Joel smiled reassuringly at the small tow-headed boy whose bike he had just been fixing, dusting off the knees of his jeans before getting up to watch him ride off.

He was going to be late home—again, he acknowledged as he walked across the leisure centre car park and unlocked the door of his car.

It had felt good knowing that he could afford to pay for things like petrol for his car himself.

'Where did you get the money for these?' Sally had demanded when he had taken her home some flowers. Her voice had been full of suspicion, destroying his pleasure in being able to afford to give her the small gift.

'I earned it,' he had told her. 'Remember I told you last week that one of the parents had asked me to give her little girl some private swimming lessons?'

'Estelle just doesn't seem to be getting anywhere with her swimming,' the woman had confided to him as she'd stood watching him coach her son. 'We've just become members at the new private health club that's opened at Deighton Hall, and I hear they've got a pool there and I was wondering if you gave private swimming lessons.'

He had bought the flowers on impulse on his way home, remembering how Sally's face used to glow with pleasure when she arranged the flowers she had occasionally bought herself, confessing that they were a treat she hadn't been able to resist; but instead of being pleased she had almost thrown the flowers down on to the kitchen worktop, threatening their delicate stems, her face flushed with temper and her mouth tight as she'd criticised him for wasting money.

In the town centre the traffic lights were on red and, as be waited for them to change be glanced to his right and the road which led to Philippa's house.

'We mustn't see each other again,' she had said, and although the firm tone of her voice had told him that she meant it he had seen the way her mouth trembled slightly and her eyes grew shadowed. 'And Sally—your wife—you love her,' she had told him.

The lights changed and quickly, before he could give in to the temptation, he drove straight on.

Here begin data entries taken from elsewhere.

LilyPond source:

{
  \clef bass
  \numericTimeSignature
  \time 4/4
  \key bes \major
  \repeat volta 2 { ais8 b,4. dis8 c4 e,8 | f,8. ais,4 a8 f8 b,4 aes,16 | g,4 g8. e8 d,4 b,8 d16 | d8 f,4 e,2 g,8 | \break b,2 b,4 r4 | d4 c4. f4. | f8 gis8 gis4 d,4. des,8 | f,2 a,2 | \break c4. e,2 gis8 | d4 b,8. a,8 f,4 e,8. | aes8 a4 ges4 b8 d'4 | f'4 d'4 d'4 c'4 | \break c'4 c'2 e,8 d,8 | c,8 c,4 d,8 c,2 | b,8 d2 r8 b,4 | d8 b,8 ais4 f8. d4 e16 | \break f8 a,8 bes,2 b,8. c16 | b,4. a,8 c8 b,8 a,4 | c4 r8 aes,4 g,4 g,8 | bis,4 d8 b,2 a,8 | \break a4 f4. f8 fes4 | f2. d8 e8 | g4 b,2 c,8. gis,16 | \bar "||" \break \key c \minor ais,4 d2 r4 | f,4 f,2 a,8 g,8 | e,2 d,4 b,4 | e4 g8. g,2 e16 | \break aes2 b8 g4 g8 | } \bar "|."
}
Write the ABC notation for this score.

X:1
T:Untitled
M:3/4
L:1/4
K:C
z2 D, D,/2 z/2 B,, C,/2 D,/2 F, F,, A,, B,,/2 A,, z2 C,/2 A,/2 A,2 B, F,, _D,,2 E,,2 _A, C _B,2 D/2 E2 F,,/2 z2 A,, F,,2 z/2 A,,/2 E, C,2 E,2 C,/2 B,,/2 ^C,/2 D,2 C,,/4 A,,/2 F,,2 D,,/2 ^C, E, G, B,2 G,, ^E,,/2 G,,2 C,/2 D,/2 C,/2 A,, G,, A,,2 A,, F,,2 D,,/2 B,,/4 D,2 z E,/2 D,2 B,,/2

It wasn't just sex that made his thoughts turn to Philippa at odd times during the day and, even more betrayingly, when he lay awake besioe Sally at night. He had liked her honesty and her humour, the way she sat watching him so attentively while she listened to him.

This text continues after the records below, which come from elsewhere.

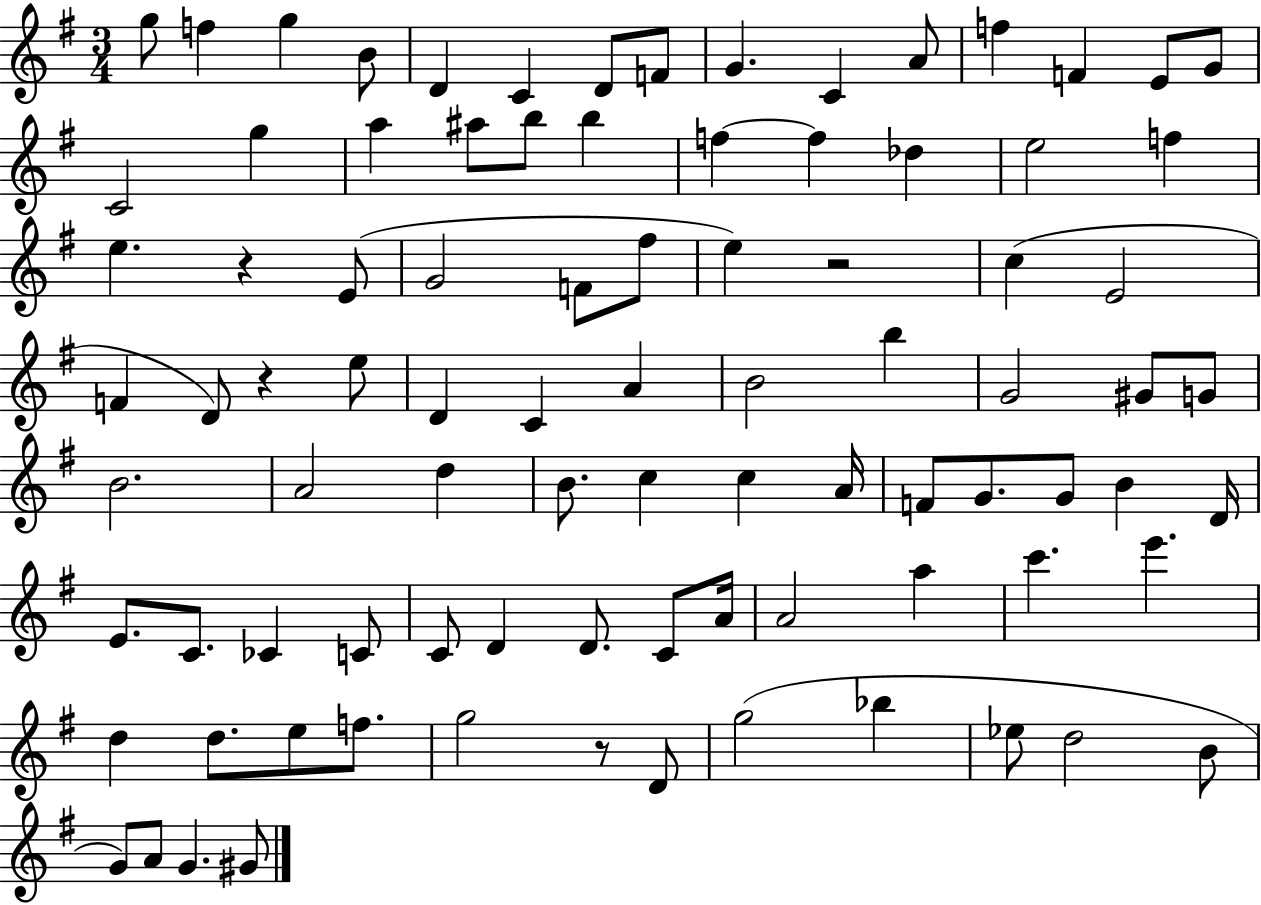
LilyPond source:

{
  \clef treble
  \numericTimeSignature
  \time 3/4
  \key g \major
  g''8 f''4 g''4 b'8 | d'4 c'4 d'8 f'8 | g'4. c'4 a'8 | f''4 f'4 e'8 g'8 | \break c'2 g''4 | a''4 ais''8 b''8 b''4 | f''4~~ f''4 des''4 | e''2 f''4 | \break e''4. r4 e'8( | g'2 f'8 fis''8 | e''4) r2 | c''4( e'2 | \break f'4 d'8) r4 e''8 | d'4 c'4 a'4 | b'2 b''4 | g'2 gis'8 g'8 | \break b'2. | a'2 d''4 | b'8. c''4 c''4 a'16 | f'8 g'8. g'8 b'4 d'16 | \break e'8. c'8. ces'4 c'8 | c'8 d'4 d'8. c'8 a'16 | a'2 a''4 | c'''4. e'''4. | \break d''4 d''8. e''8 f''8. | g''2 r8 d'8 | g''2( bes''4 | ees''8 d''2 b'8 | \break g'8) a'8 g'4. gis'8 | \bar "|."
} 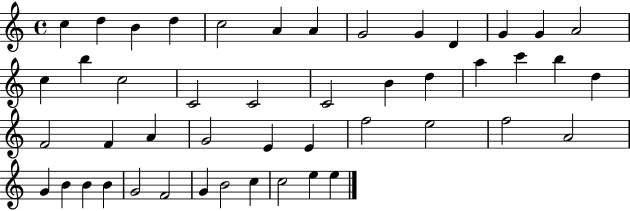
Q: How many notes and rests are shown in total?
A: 47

No, it wasn't just the small throaty cries of pleasure she had given when he had touched her, nor the way she had touched him.

'It doesn't mean anything', she had told him. 'It was just sex', and he had known that she was lying, that what was there between them could, if they allowed it to do so, become far, far more than physical lust.

He could feel his throat tightening with pain and an aching sense of loss. It didn't matter how hard he tried to reach out to Sally these days; all she did was reject him.

In the peace of Philippa's kitchen and in the warmth of her bed he had found a pleasure and sense of relaxation he had long ago forgotten existed, simply holding her and talking to her, knowing that he would be listened to, that his opinions and views were valued, that he was valued; he had felt a sense of companionship with her, of closeness to her, that had brought into painfully sharp focus the emptiness of his relationship with Sally.

'You've got a wife... children', Philippa had told him softly.